» **TASK REQUIREMENTS**
Your response should contain each line of the data that includes "Picture".

» **EXCERPTED DATA**

****

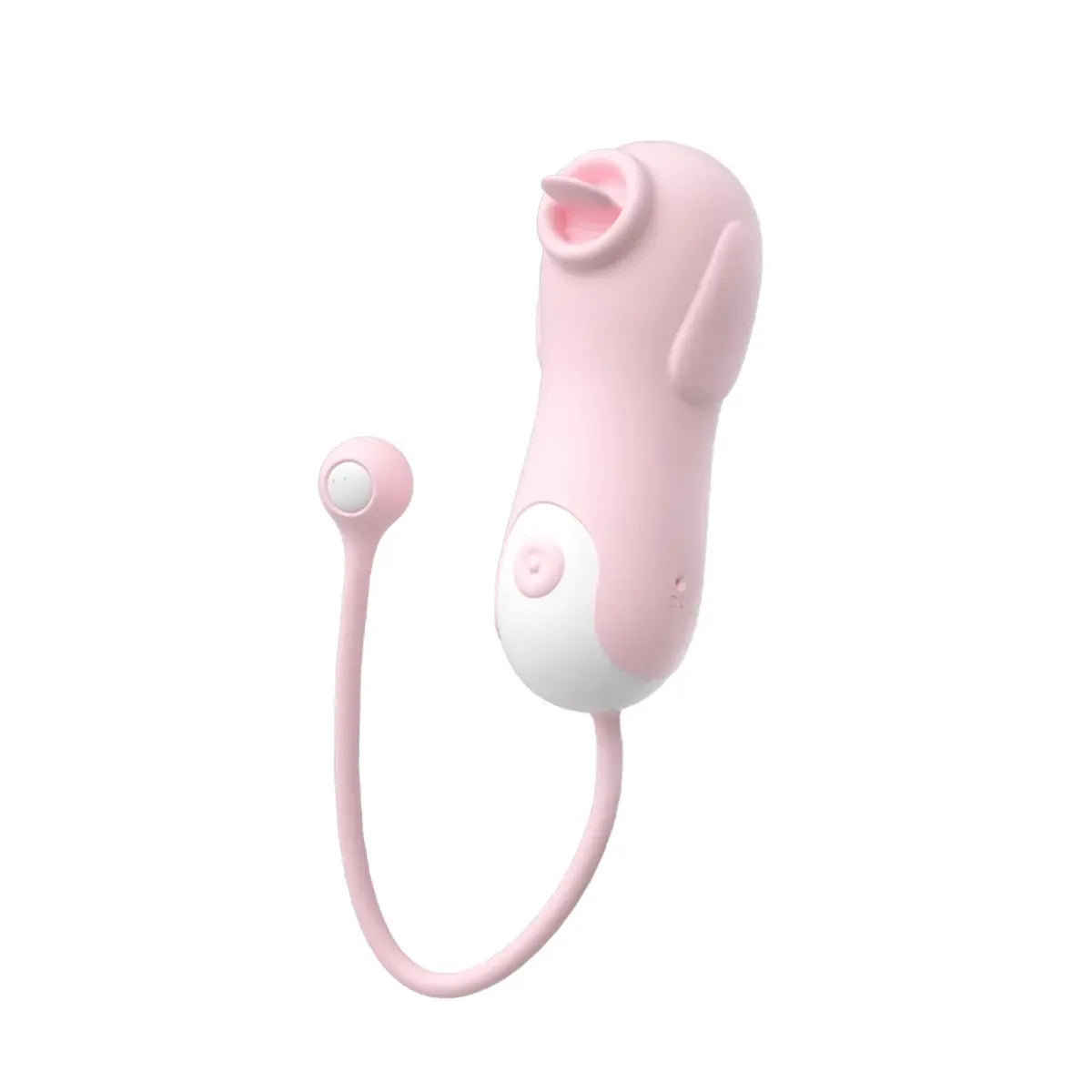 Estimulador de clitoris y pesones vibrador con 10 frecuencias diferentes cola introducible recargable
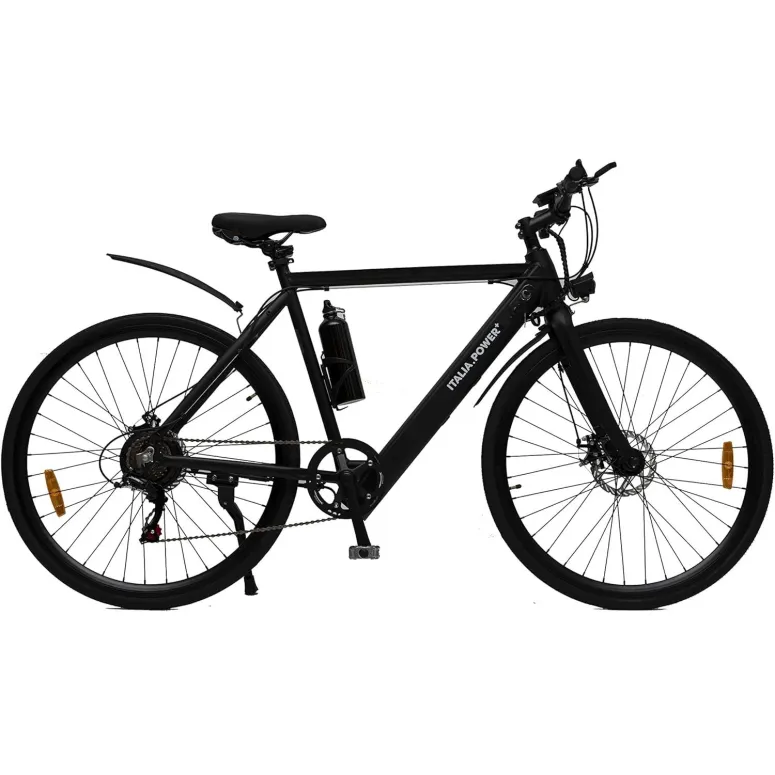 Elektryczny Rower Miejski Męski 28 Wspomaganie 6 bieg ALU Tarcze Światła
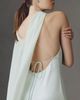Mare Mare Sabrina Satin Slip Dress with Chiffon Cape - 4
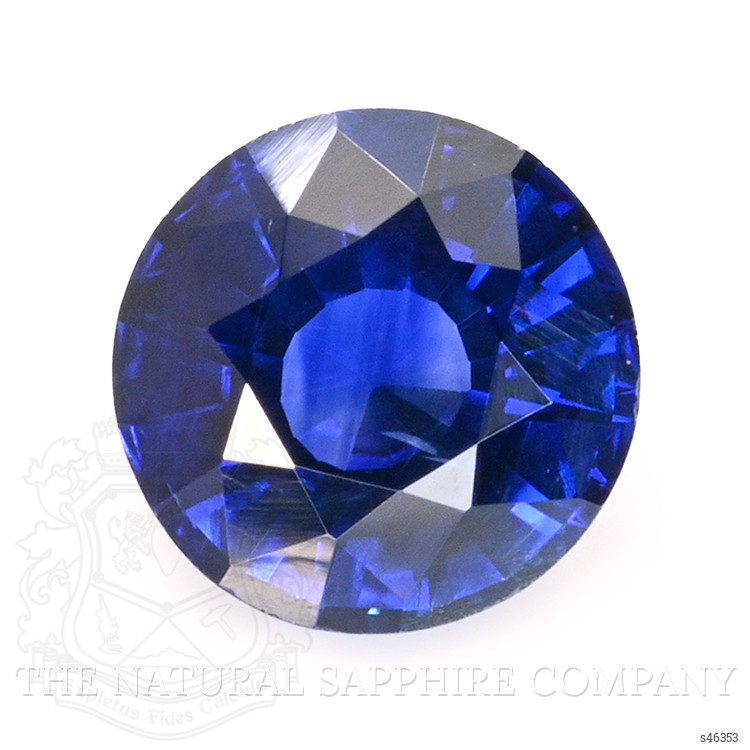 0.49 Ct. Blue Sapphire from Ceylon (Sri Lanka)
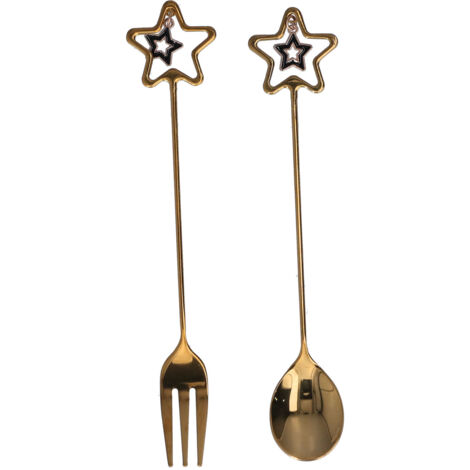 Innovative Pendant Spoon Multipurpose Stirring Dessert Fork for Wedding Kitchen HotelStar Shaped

****

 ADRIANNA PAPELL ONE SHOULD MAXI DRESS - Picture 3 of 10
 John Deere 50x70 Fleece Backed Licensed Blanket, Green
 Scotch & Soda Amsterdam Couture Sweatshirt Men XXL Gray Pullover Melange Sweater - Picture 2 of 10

****

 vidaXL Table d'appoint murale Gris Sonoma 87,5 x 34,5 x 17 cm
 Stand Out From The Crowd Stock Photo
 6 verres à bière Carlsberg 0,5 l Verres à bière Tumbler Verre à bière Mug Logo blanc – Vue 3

****

» **EXERCISE SOLUTION**
 ADRIANNA PAPELL ONE SHOULD MAXI DRESS - Picture 3 of 10
 Scotch & Soda Amsterdam Couture Sweatshirt Men XXL Gray Pullover Melange Sweater - Picture 2 of 10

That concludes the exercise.